German Chancellor Angela Merkel said on Sunday it would be possible to talk about changing the maturities of Greece's debt or reducing the interest Athens has to pay after the first successful review of the new bailout package to be negotiated.
"Greece has already been given relief. We had a voluntary haircut among the private creditors and we then extended maturities once and reduced interest rates," Merkel said in an interview with German public broadcaster ARD due to be broadcast later on Sunday.
"And we can now talk about such possibilities again ... Once the first successful review of the program to be negotiated has been completed, then exactly this question will be discussed - not now, but then," she said.
Merkel stressed that a classic debt 'haircut' was out of the question as long as Greece remained a member of the euro zone: "That can happen outside a currency union but it can't happen in a currency union."
She said Finance Minister Wolfgang Schaeuble's suggestion that Greece could take a "time-out" from the euro zone had been considered but the euro zone had turned its back on the idea.
"The only option is to go down a common path with Greece, or to conjure up a chaotic situation because there would be no common decision among the finance ministers or the leaders.

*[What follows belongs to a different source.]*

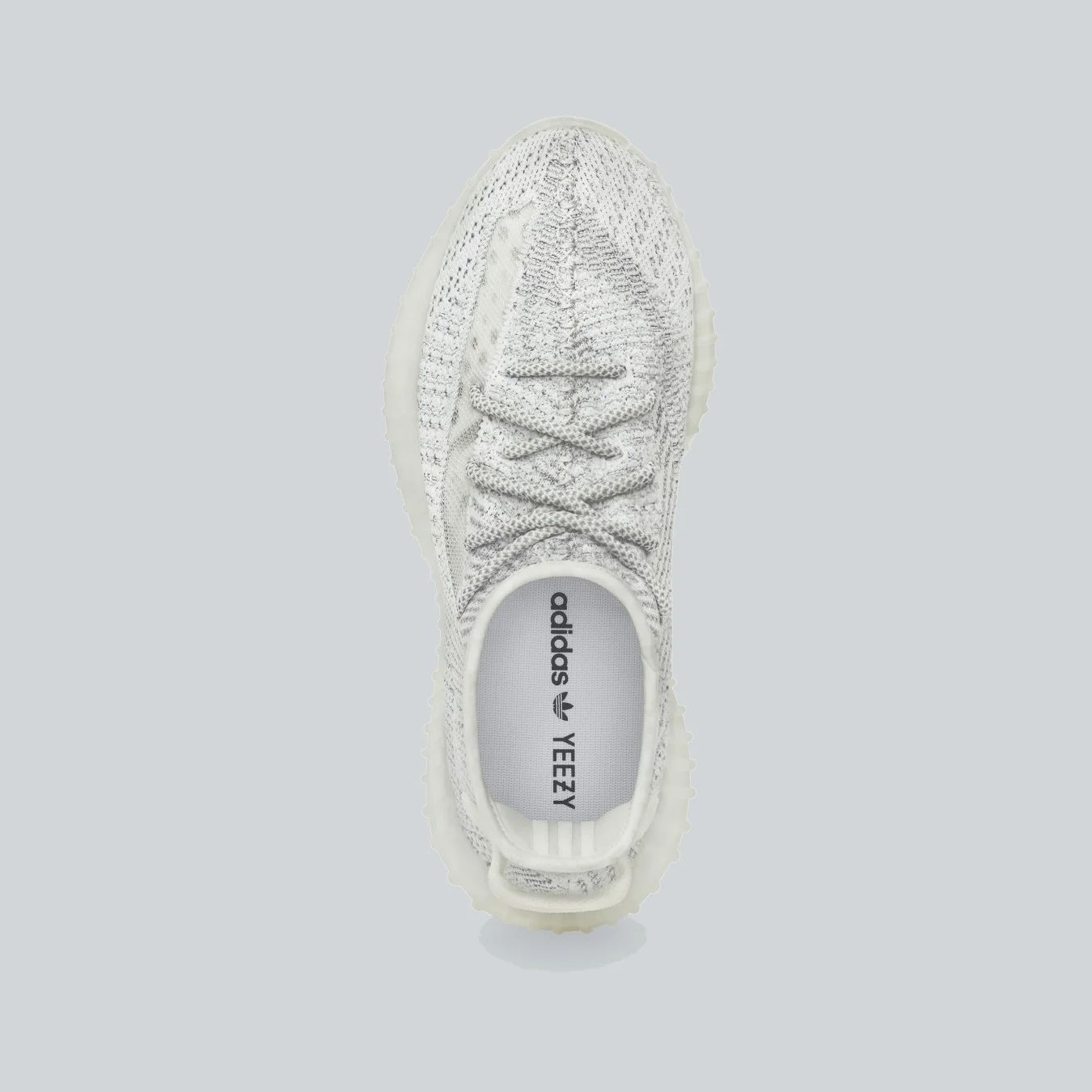 Yeezy Boost 350 V2 'Static'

So the option was also on the table but we chose another option," Merkel said.
Greek banks are due to reopen on Monday after having been shut for three weeks but people will still only be able to withdraw a limited amount of cash and capital controls will remain.
"That's not a normal life so we have to negotiate quickly," Merkel said.
The chancellor said she would not speculate about a Plan B for Greece two days after German lawmakers gave the government a mandate to start talks on further aid for Greece.
She said Berlin would do all it could to bring talks to a successful conclusion but would "negotiate hard" to ensure Athens stuck to agreements.
"That certainly won't be easy because there are things that we have discussed with all of the Greek governments since 2010 that have never been done but that have been done in other countries like Portugal and Ireland," she said.
Regarding speculation in the German media on Saturday that Schaeuble might resign due to differences of opinion between him and Merkel over Greece, Merkel said: "The finance minister will, like me, conduct these negotiations and I can only say no one came to me and asked to be relieved."